▸ **To do**
Where the line containing "[Doppiato]Due traditori un solo verdetto" appears below, start there and repeat each line exactly to the end. Leave the pictures out.

[[ Dataset, beginning ]]

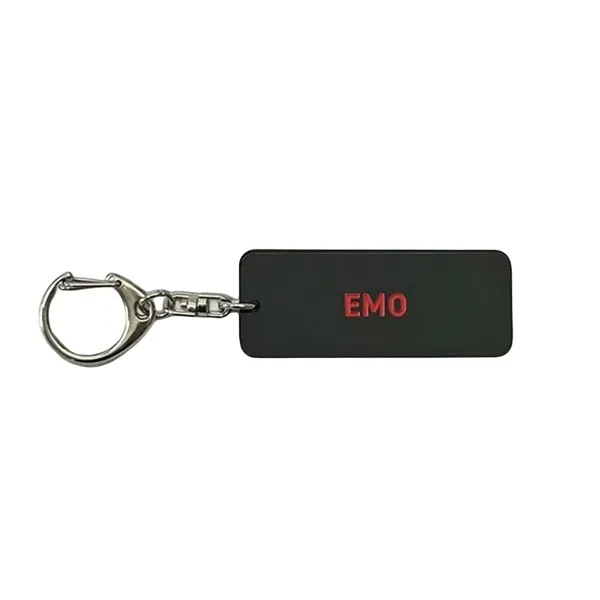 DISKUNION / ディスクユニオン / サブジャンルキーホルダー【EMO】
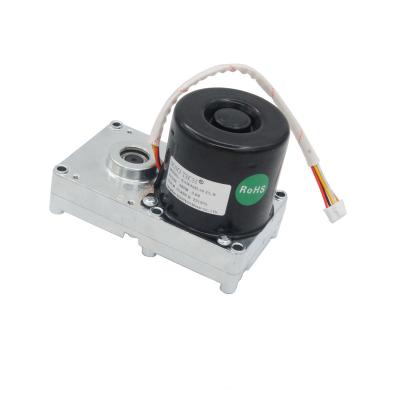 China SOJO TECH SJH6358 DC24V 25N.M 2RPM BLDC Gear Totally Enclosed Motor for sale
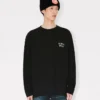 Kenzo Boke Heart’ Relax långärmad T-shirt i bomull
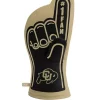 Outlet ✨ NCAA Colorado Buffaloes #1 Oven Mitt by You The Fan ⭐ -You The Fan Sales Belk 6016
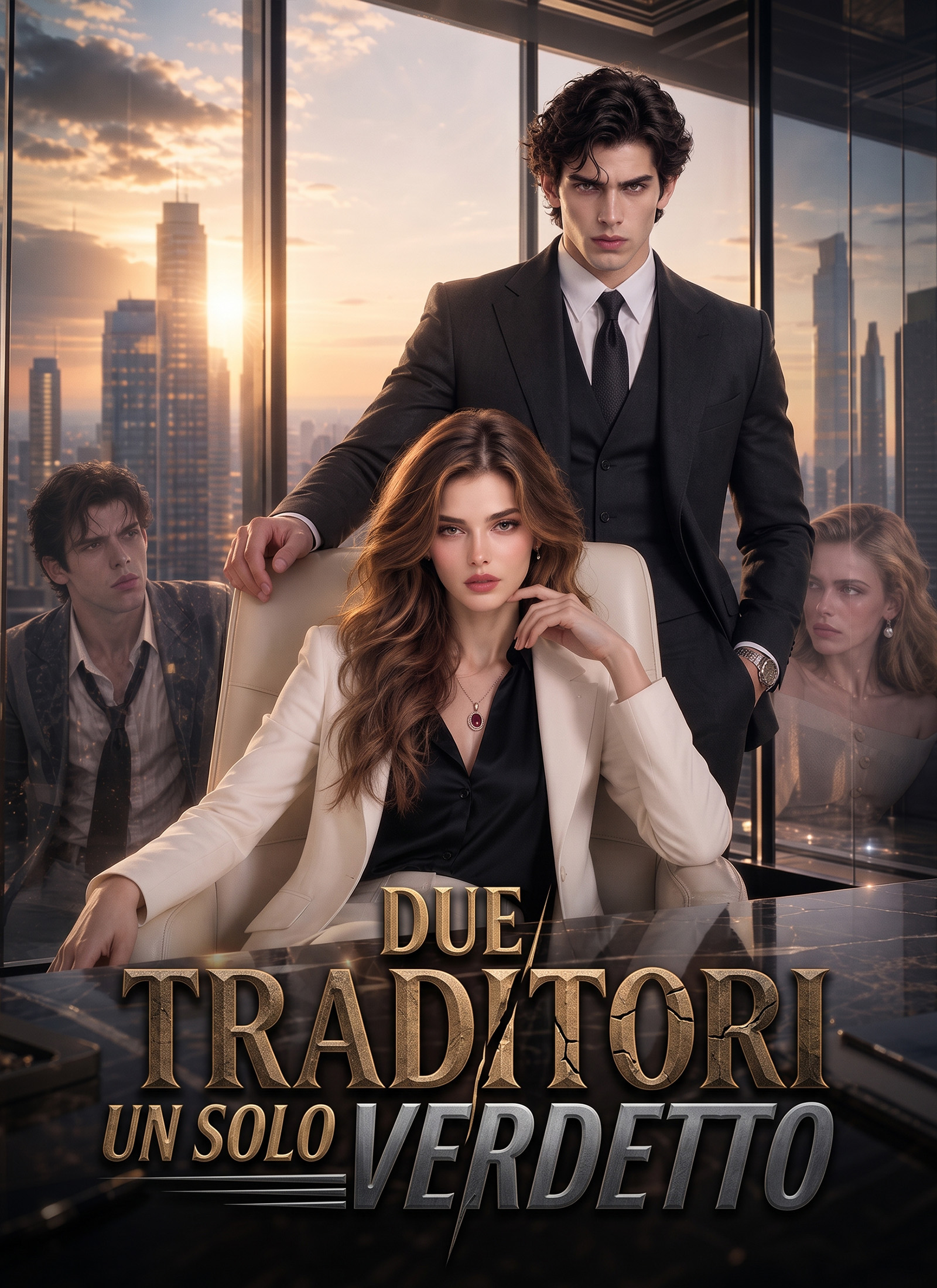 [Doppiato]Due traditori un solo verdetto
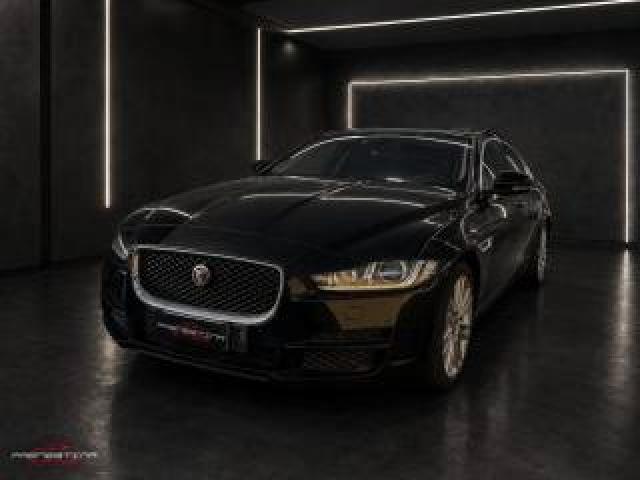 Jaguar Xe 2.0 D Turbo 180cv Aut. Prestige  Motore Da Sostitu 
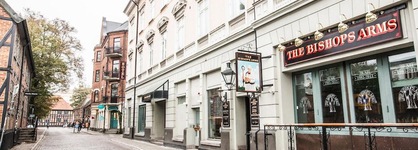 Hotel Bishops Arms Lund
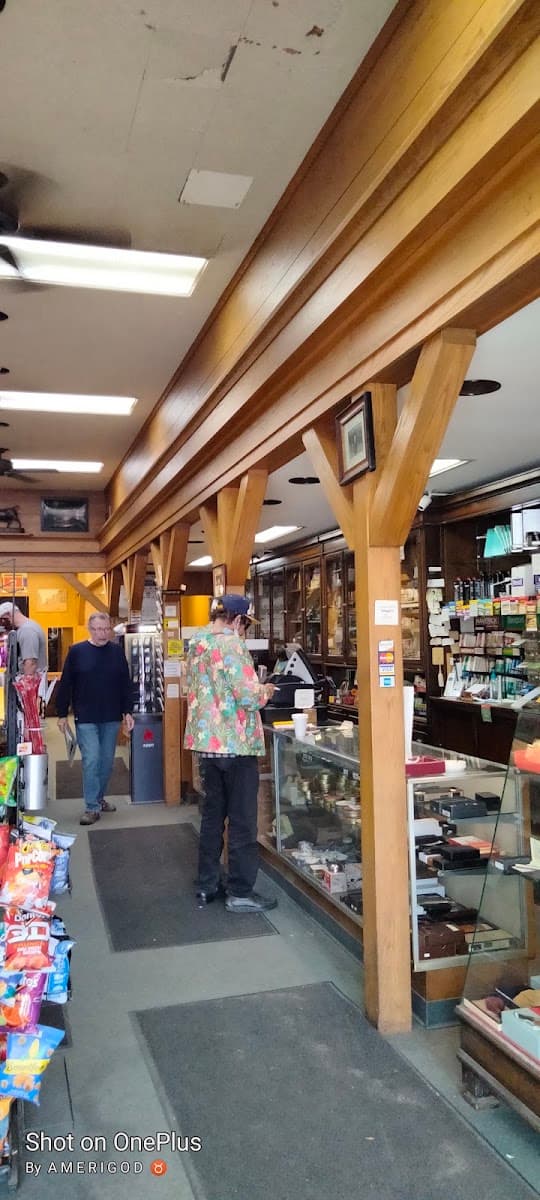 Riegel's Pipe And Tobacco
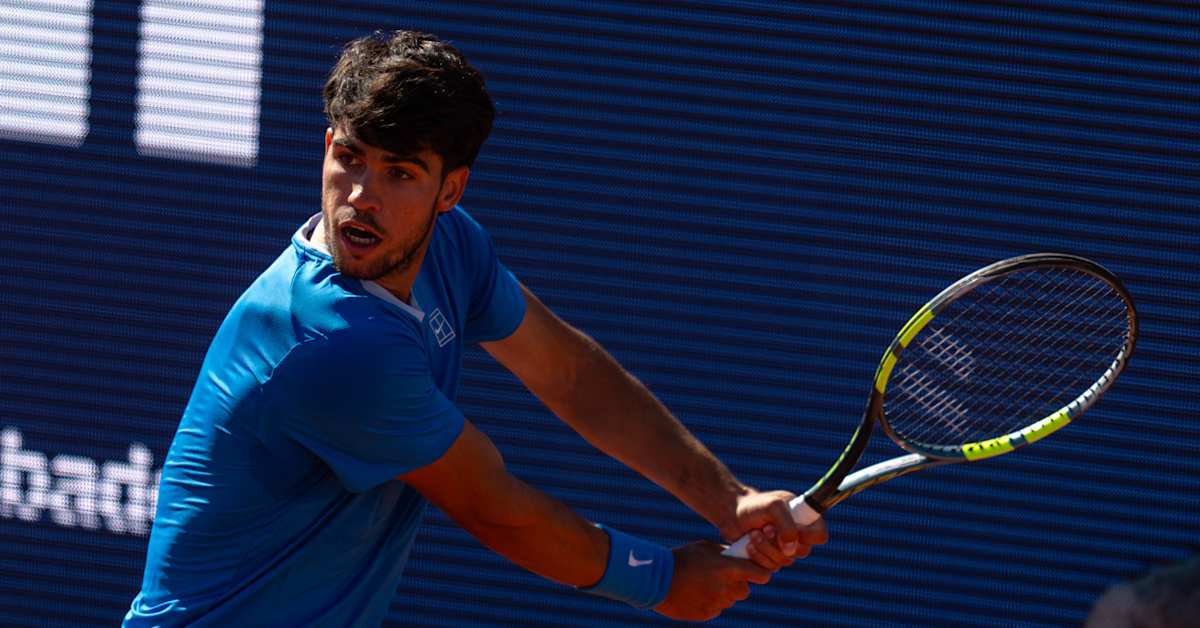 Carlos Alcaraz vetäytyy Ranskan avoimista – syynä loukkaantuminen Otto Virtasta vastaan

[[ Dataset, end ]]

▸ **Solution below**
 [Doppiato]Due traditori un solo verdetto
 Jaguar Xe 2.0 D Turbo 180cv Aut. Prestige  Motore Da Sostitu 
 Hotel Bishops Arms Lund
 Riegel's Pipe And Tobacco
 Carlos Alcaraz vetäytyy Ranskan avoimista – syynä loukkaantuminen Otto Virtasta vastaan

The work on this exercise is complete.